Asie centraleTrêve fragile entre le Kirghizistan et le Tadjikistan, 24 morts
Des affrontements meurtriers à la frontière entre le Kirghizistan et le Tadjikistan ont fait au moins 24 morts, côté kirghiz, vendredi.
Le Kirghizistan a annoncé vendredi un cessez-le-feu avec le Tadjikistan après des affrontements meurtriers à la frontière entre ces deux pays d’Asie centrale, les deux parties s’accusant toutefois de violations mutuelles de cette trêve.
Dans la nuit de vendredi à samedi, le ministère kirghiz de la Santé a indiqué que ces violences avaient fait au moins 24 morts côté kirghiz, dans la région de Batken, située au sud-ouest du Kirghizistan et frontalière du Tadjikistan.
Plus tôt dans la journée, le président kirghiz Sadyr Japarov et son homologue tadjik Emomali Rakhmon se sont entretenus en marge d’un sommet régional de l’Organisation de coopération de Shanghai (OCS) en Ouzbékistan.
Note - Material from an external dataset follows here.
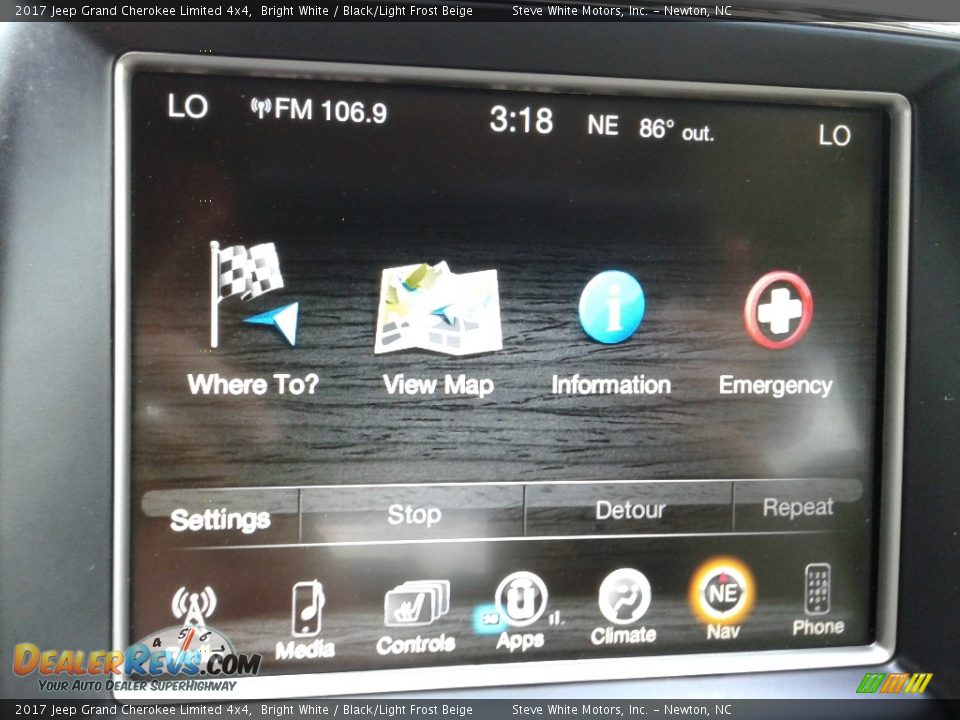 2017 Jeep Grand Cherokee Limited 4x4 Bright White / Black/Light Frost Beige Photo #24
Ils ont «convenu de donner pour instruction aux institutions concernées de cesser le feu et de retirer les forces et les équipements de la ligne de contact», selon un communiqué de la présidence kirghize.
Cessez-le-feu
Un cessez-le-feu est entré en vigueur à 16h00, heure locale (12h00, heure suisse) vendredi, mais les gardes-frontières kirghiz ont rapidement accusé l’armée tadjike «d’avoir ouvert le feu à nouveau». Dans la soirée, ils jugeaient la situation «tendue», affirmant toujours «repousser les attaques de l’ennemi» qui bénéficie de renforts «en équipements lourds et automobiles».
Leurs homologues tadjiks ont répliqué dans un communiqué, dénonçant «les tirs de la partie kirghize» en direction «de trois villages du Tadjikistan». Lors de leur entretien, les présidents du Kirghizistan et du Tadjikistan avaient pourtant appelé leurs troupes à un cessez-le-feu, premier signe de désescalade après plusieurs heures de combats intenses à la frontière.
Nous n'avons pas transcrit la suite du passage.